**Work instructions**
Print the records below word for word, beginning with the first line and ending once the line containing "Marvel Hasbro 2013 Thor" is printed.

**Supplied data**
________________
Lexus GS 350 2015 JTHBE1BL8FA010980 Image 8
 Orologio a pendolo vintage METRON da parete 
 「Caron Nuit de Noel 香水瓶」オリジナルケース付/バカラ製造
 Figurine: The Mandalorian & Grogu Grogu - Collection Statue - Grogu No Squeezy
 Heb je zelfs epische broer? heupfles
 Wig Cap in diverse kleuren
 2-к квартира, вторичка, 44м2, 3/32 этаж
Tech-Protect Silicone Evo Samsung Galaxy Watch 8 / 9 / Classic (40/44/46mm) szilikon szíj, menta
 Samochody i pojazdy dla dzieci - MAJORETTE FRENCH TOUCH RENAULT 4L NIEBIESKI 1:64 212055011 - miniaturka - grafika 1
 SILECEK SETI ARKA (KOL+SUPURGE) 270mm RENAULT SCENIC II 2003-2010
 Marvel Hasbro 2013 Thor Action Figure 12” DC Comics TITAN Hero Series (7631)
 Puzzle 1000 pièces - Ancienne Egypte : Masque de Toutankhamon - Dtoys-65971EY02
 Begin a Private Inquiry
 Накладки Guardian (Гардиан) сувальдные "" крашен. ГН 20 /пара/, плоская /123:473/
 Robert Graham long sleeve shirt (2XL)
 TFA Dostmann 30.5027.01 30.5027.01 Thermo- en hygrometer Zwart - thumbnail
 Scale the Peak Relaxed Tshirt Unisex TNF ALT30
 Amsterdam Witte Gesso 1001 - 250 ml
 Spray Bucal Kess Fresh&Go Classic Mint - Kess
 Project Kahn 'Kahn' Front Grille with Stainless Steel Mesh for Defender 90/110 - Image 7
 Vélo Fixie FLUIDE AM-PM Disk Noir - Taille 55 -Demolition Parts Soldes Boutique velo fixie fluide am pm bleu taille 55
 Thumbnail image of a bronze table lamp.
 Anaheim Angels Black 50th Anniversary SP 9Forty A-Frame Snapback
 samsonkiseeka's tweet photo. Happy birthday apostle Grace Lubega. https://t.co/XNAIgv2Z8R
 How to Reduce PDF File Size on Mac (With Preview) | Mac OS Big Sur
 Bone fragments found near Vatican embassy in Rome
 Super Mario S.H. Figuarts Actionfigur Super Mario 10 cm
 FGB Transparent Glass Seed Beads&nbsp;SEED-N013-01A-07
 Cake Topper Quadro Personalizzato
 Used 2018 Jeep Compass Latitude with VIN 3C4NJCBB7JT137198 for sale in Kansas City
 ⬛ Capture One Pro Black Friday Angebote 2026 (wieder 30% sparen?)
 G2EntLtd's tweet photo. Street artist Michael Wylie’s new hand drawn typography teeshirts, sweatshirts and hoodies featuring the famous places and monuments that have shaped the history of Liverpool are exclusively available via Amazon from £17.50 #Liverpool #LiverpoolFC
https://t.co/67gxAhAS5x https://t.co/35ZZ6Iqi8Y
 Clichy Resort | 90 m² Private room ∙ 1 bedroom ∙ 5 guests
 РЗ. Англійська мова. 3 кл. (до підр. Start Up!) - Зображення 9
________________
**Answer area**
Lexus GS 350 2015 JTHBE1BL8FA010980 Image 8
 Orologio a pendolo vintage METRON da parete 
 「Caron Nuit de Noel 香水瓶」オリジナルケース付/バカラ製造
 Figurine: The Mandalorian & Grogu Grogu - Collection Statue - Grogu No Squeezy
 Heb je zelfs epische broer? heupfles
 Wig Cap in diverse kleuren
 2-к квартира, вторичка, 44м2, 3/32 этаж
Tech-Protect Silicone Evo Samsung Galaxy Watch 8 / 9 / Classic (40/44/46mm) szilikon szíj, menta
 Samochody i pojazdy dla dzieci - MAJORETTE FRENCH TOUCH RENAULT 4L NIEBIESKI 1:64 212055011 - miniaturka - grafika 1
 SILECEK SETI ARKA (KOL+SUPURGE) 270mm RENAULT SCENIC II 2003-2010
 Marvel Hasbro 2013 Thor Action Figure 12” DC Comics TITAN Hero Series (7631)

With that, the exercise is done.